This study examined visual attention to faces and a variety of control stimuli in individuals with ASD. Relations among fixations, face and pattern recognition, and social-emotional functioning were also explored. Visual fixations were measured while participants passively viewed five different homogenous classes of stimuli including upright human faces, inverted human faces, monkey faces, three dimensional curvilinear forms (Greebles), and two-dimensional geometric patterns. Typically developing individuals and those with ASD displayed comparable patterns of visual attention across stimulus categories. Both groups tended to focus attention to the upper regions of visual stimuli and less attention to the lower regions, particularly for upright face stimuli. The only between group difference to emerge was an interaction effect indicating that, when comparing upright faces, three-dimensional objects, and geometric patterns, individuals with ASD devoted proportionally greater attentional resources to the upper, relative to lower, portions of visual stimuli.

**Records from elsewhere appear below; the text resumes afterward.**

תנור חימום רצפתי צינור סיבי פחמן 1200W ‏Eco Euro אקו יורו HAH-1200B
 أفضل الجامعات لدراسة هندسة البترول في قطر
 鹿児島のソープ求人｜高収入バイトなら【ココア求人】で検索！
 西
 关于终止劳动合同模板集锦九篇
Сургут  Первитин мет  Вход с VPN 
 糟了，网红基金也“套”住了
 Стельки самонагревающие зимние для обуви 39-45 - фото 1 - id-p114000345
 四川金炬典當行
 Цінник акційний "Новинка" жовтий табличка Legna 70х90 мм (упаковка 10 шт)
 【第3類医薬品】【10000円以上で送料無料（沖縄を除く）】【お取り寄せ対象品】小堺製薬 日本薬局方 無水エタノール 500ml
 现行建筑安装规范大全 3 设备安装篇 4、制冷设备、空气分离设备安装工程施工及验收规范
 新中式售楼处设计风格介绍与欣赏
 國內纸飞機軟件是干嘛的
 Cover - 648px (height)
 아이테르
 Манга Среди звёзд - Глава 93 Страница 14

In contrast to our predictions, the sample of children with ASD in this study exhibited normative patterns of visual attention to human faces despite face recognition impairments and significant social deficits. These findings are consistent with other research investigating visual attention to static face stimuli in ASD (Sterling, et al., 2008
; van der Geest, et al., 2002
) and may reflect the diminished realism and consequently decreased ecological validity of grayscale, static stimuli (Speer, et al., 2007
). Dynamic in vivo social interactions may be better able to characterize the variability in eye gaze among individuals with ASD (Klin, Jones, Schultz, & Volkmar, 2003
Details of the experimental design may also have influenced results. Extended viewing times of eight seconds may have affected viewing patterns, as previous studies using shorter viewing times (e.g., 2 seconds; Pelphrey, et al., 2002
) have detected differences while those employing longer viewing times (e.g., 10 seconds; van der Geest, et al., 2002
) have not. The large stimulus display size in the current study may also have impacted scan patterns. There is evidence that, when individuals with ASD are provided with sufficient time and visual resolution to process high spatial frequency information, they display, not only more typical patterns of face recognition, but more typical patterns of brain activity associated with face processing (Hadjikhani, et al., 2004
). The absence of any competing stimuli on-screen stimuli may also have influenced results, as several studies documenting anomalous viewing patterns simultaneously displayed alternative sources of visual information (Klin et al., 2002b
; Vivanti, Nadig, Ozonoff & Rogers, 2008
). Face scanning atypicalities as a consequence of difficulties in attention shifting or disengaging might only emerge under such circumstances.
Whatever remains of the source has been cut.